We’ve been happy Tivo subscribers for almost two years now. We started with a Toshiba RS-TX20 model that also has an integrated DVD player/recorder. That was an awesome combination (just one remote!) but its been discontinued. Not just the model — the whole concept. So when we added a high-definition television set and Verizon’s FIOS service last year, we bought a true Tivo box, the Series3 HD.
The Series3 can record high-def shows and connect to the Internet to do all the brilliant Tivo scheduling tricks. But it also requires that we have a separate DVD player and its accompanying remote to watch movies on disk. Big drag. Plus we lost the ability to transfer shows to DVD, which might make some TV execs somewhere happy but seems like a big downer to us ordinary consumers who just want an easy way to let our kids watch their favorite shows while on vacation in hotel rooms and so on.
Lately, the news has been full of the latest boxes and schemes to better connect your television to whatever source of programming turns you on. Downloads and streaming and cable, oh my. There’s the new Netflix $99 box designed by Roku that lets you choose movies on your PC that are then streamed over the Internet to your TV via the box. Gizmodo loves it, but others, like Kristen Nicole on Mashable, less so. Then Sony announced it would be adding a cable industry developed technology currently going by the tag “Tru2way” to some of its high-end TVs obviating the need for a set-top box even for pay-per-view and on-demand cable programming. NewTeeVee is pretty optimistic though I found it — and almost all the media coverage, really — lacking the history and context of this technology and rather naive about the cable industry’s aims here. But that’s a subject for another post. Plus Apple rolled out its HBO deal for downloadable if overpriced shows and Jeff Bezos said Amazon would get into the live streaming biz soon.
At first, all this news had me depressed that so many competing players were battling over all these little pieces of the big picture.
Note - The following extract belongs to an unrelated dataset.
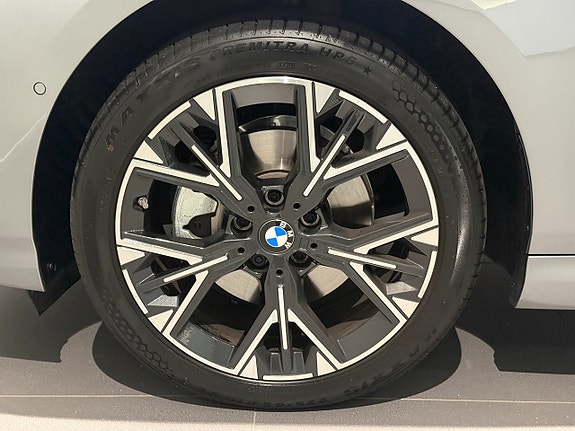BMW 120 5 of 18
The forest and the trees and all that. After all, I just want to watch what I want to watch when I want to watch it on the TV I like to watch. And just let me use a fairly simple and solitary remote control, please. But as I sat down to write some kind of screed against the industry, I started to mentally tally how we’d used our Tivos just in the past few weeks:
– Watched New York Times food columnist Mark Bittman’s five minute video podcast, which we gleefully follow every week.
– Realized we weren’t going to make it home on a Sunday night in time to watch The Tudors on Showtime, so we logged into our Tivo online account via a laptop and ordered one of our Tivos to record the episode, which it did.
– Rented “La Vie en Rose” from Amazon’s Unbox service web site and had it download automatically to our Tivo where we watched it a few nights later (We regularly rent two or three Unbox movies a month and would rent even more if the selection was better and/or the release dates matched the DVD release date).
– Watched all manner of recorded TV shows like The Office, 30 Rock and Battlestar Galactica.
– Pulled an episode of the children’s show Charlie & Lola off the Tivo hard drive and onto my iMac using Roxio’s legal Tivo Transfer program which then converted it to a format for the iPod for my daughter to watch later on a car trip.
– Watched some of the movie trailer promo ads featured at the bottom of the Tivo home screen. Full disclosure: as a boy, I even watched a few of the extended new car promos Tivo featured when my wife wasn’t around.
What am I trying to say? Tivo does just about everything I want and if the selection of rentable movies and web video was simply expanded, I don’t think I’d have much left to complain about — well, maybe they could add back in the DVD player. Send Sony, Netflix, Apple et al away. You’re not needed here.
p.s In the mea culpa department, I was all wrong about the Tivo-Unbox link up when it was announced last year. Oops.